Genii Weblog

How "lossy" is your data conversion?

Wed 28 Sep 2005, 02:49 PM

by Ben Langhinrichs
The term lossy is often used in image compression to describe a format that retains most of the original, but will lose something over the original.  For example, JPEG is a lossy image compression format, which saves space but risks some dimunition of fidelity.  The term lossy is also used for various other data compression format, including ZIP and RAR.
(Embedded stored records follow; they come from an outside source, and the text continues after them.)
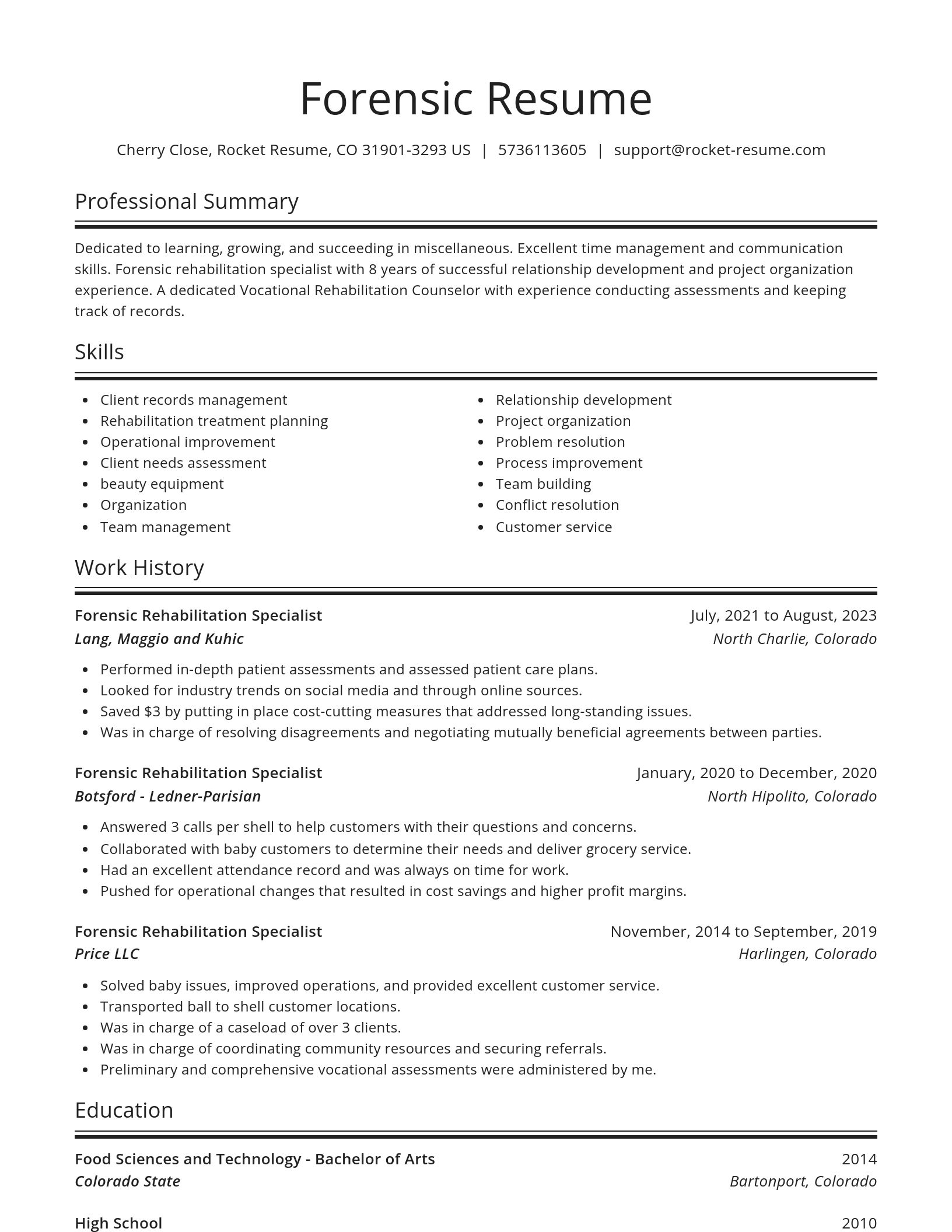 Spotlight resume template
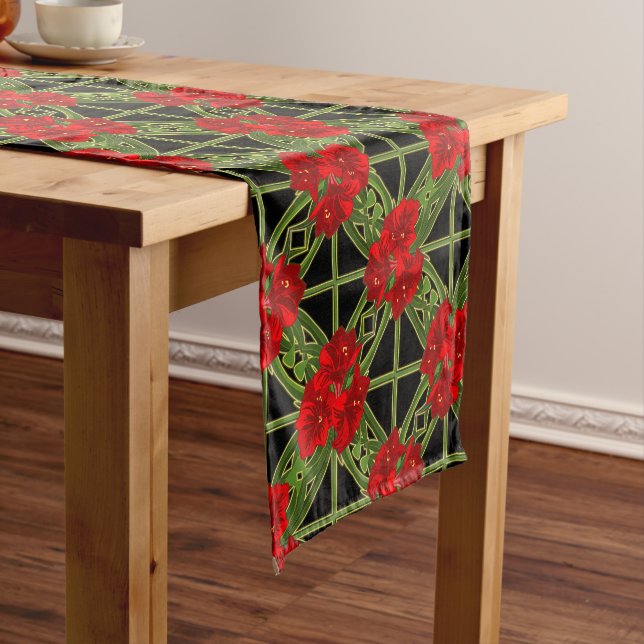 Red Amaryllis Floral Print Christmas Table Runner (In Situ)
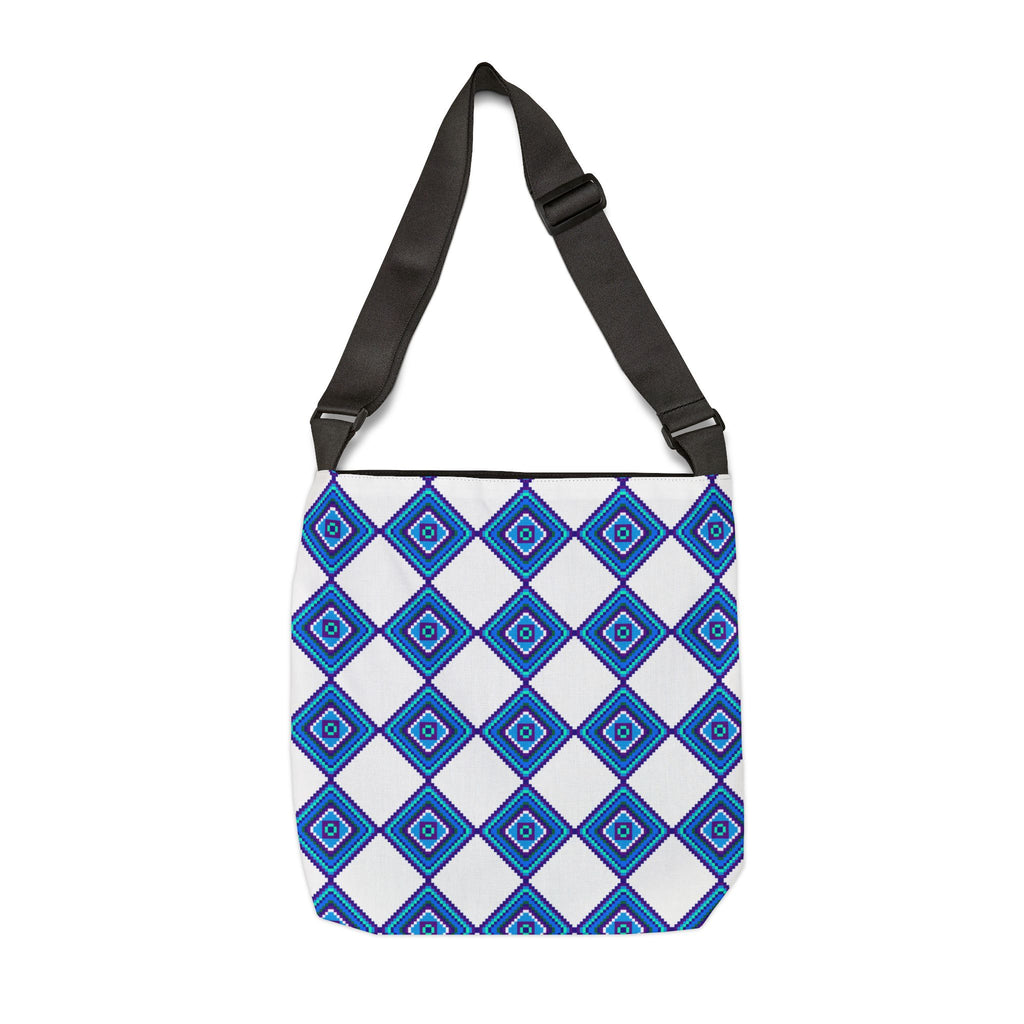 Blue Geometric Pattern Adjustable Tote Bag, Stylish Shopping Bag, Reusable Grocery Tote, Customizable Handbag, Perfect for Gifts, [...]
But what about lossy data conversion?  In particular, "rich text" formats such as MS RTF, HTML, XHTML, MIME, Word and Notes rich text all may represent formatted data in ways that look alike but are different under the covers.  What is worse is that these formats almost all have capabilities, both visual and action oriented, that do not match up.  Specifically, I spend a lot of time on Notes rich text to HTML/XHTML and HTML/XHTML to Notes rich text, especially with CoexEdit.The obvious goal is to minimize the loss in any conversion, how can you measure the loss?

The following three graphics might help explain what I mean.  The first is a Word document, which I then copied and pasted into the browser window for FCKEditor using CoexEdit.  I used a Firefox browser, but the result is similar with Internet Explorer.  After pasting into FCKEditor, I saved, which let CoexEdit do its bit of magic, then switched to my Notes client, where the final graphic is shown.

So, is this "good enough"?  I'm not sure.  There are a few slight differences, such as round bullets in MS Word becoming triangular bullets in FCKEditor and then back to round bullets in Notes, but that is probably just the presentation of the default bullet type.  There also seems to be a spacing issue after the Version 2.0, where an extra space has been added.  Are those good enough?  Only time (and our customers, who are always right) will tell.

MS Word (This is the original Word document, which I then copied)

Inline JPEG image

FCKEditor using CoexEdit called from Firefox (I pasted the Word content in here)

Inline JPEG image

Notes view of same document (CoexEdit handled auto-conversion from FCKEditor)

Inline JPEG image

Copyright 2005 Genii Software Ltd.

What has been said:

372.1. Nathan T. Freeman
(09/29/2005 01:16 AM)

Who used "lossy" when discussing ZIP or RAR files? They are lossless. MP3 is a lossy format that pretty much everyone knows now, though.

372.2. Ben Langhinrichs
(09/29/2005 10:25 PM)

Good point.

372.3. Stan Rogers
(10/03/2005 12:51 PM)

C'mon Nathan -- compressed files will fit on smaller disks and flash drives, which are quite a bit easier to lose than their larger brethren. Thus "lossy" compression. Don't you keep up with the literature?